> **Collected material**:
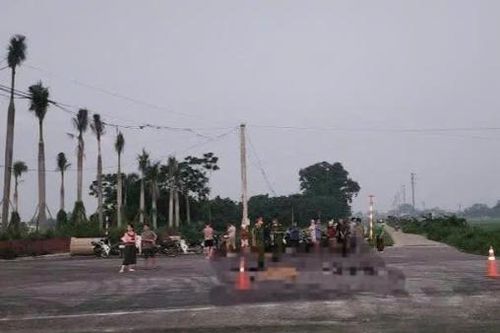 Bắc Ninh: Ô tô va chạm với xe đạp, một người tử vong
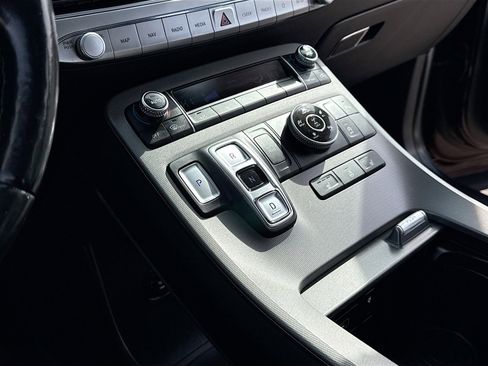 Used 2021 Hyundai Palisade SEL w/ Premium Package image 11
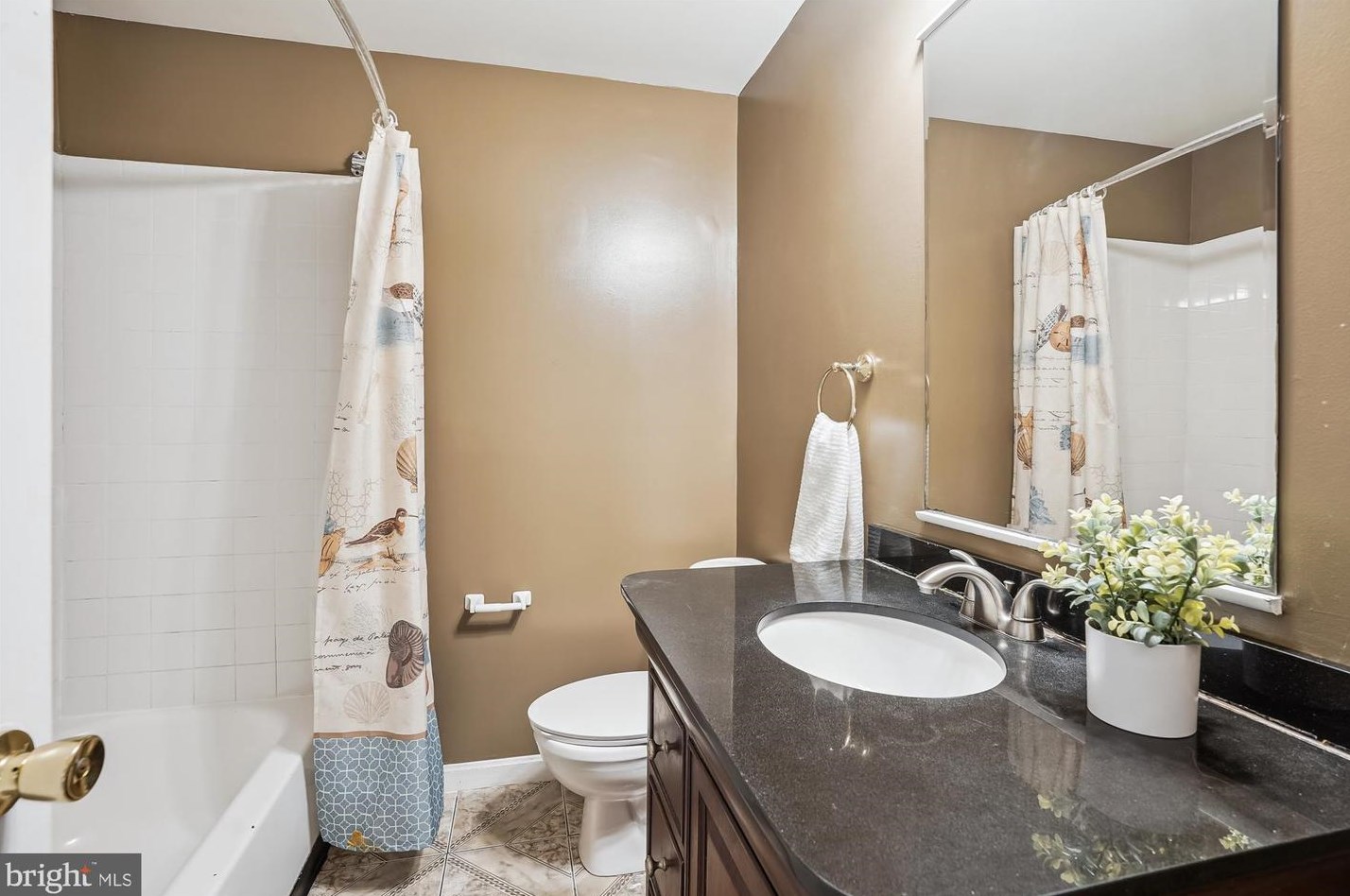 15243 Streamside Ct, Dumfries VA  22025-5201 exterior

> **What the exercise asks**: Pictures aside, return all of the material exactly as written.

> **Task result**:
 Bắc Ninh: Ô tô va chạm với xe đạp, một người tử vong
 Used 2021 Hyundai Palisade SEL w/ Premium Package image 11
 15243 Streamside Ct, Dumfries VA  22025-5201 exterior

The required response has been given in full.